A TREATISE ON HELIOCHROMY; OR, THE PRODUCTION OF PICTURES, BY MEANS OF LIGHT, IN NATURAL COLORS. EMBRACING A FULL, PLAIN, AND UNRESERVED DESCRIPTION OF THE PROCESS KNOWN AS THE HILLOTYPE, INCLUDING THE AUTHOR'S NEWLY DISCOVERED COLLODIO-CHROME, OR NATURAL COLORS ON COLLODIONIZED GLASS. TOGETHER WITH VARIOUS PROCESSES FOR NATURAL COLORS, ON PAPER, VELVET, PARCHMENT, SILK, MUSLIN, PORCELAIN, WOOD, &C., AND ELABORATE ESSAYS ON THE THEORY OF LIGHT AND COLORS, THE CHEMISTRY OF HELIOCHROMY, AND THE ENTIRE RANGE OF THE AUTHOR'S NINE YEARS' EXPERIENCE IN SUN COLORING.

NY: Robinson & Caswell, 1856. First edition. 8vo., xii, 175 pp. Publisher's decoratively blind-stamped cloth, gilt title on the upper cover. Short chip at the top of the spine, slightly extending to the upper board; slight stain at the bottom 1 1/2 inches of the front cover; scattered foxing.

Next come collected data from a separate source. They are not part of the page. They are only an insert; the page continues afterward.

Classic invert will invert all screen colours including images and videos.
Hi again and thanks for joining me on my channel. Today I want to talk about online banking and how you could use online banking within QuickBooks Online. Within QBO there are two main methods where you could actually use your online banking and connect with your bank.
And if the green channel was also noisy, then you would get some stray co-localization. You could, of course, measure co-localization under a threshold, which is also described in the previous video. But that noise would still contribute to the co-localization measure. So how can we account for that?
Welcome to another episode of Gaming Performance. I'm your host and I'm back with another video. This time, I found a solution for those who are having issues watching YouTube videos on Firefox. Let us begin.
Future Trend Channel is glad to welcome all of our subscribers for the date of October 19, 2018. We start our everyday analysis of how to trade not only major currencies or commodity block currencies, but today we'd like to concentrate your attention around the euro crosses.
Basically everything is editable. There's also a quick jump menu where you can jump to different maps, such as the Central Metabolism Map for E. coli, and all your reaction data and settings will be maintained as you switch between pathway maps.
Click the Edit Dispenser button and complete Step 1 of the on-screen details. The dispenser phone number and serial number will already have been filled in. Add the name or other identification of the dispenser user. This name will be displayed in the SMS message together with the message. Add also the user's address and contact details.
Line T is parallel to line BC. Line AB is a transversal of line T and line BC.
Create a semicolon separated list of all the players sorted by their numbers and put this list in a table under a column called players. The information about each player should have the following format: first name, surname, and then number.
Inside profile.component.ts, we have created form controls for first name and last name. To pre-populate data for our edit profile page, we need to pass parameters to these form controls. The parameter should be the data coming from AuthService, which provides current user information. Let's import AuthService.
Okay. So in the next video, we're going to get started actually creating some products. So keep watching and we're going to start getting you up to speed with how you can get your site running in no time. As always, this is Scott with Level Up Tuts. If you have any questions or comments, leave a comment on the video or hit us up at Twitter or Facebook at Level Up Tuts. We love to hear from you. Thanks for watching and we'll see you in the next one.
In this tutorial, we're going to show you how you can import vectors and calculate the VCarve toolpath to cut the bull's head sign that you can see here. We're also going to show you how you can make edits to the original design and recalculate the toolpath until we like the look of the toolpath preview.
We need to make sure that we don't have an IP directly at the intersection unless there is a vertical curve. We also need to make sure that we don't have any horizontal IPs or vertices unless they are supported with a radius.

Very good. Item #53020

In 1850, The Reverend Levi Hill announced his discovery of producing a daguerreotype in color, which he called a "Hillotype." Between the years of 1850 and 1856 when he published his treatise, there was considerable controversy as to whether he really had discovered a color process, or was simply a fraud. According to Eder, the "Hillotype" was nothing more than a daguerreotype with color painted upon it. John Towler, editor of Humphrey's Journal [previously the Daguerreian Journal] wrote in 1865, when Hill died, "He always affirmed to this writer that he did take pictures in their natural colors, but it was done by an accidental combination of chemicals which he could not, for the life of him, again produce!" Today, evidence seems to indicate that Hill did indeed produce daguerreotypes from life in natural colors.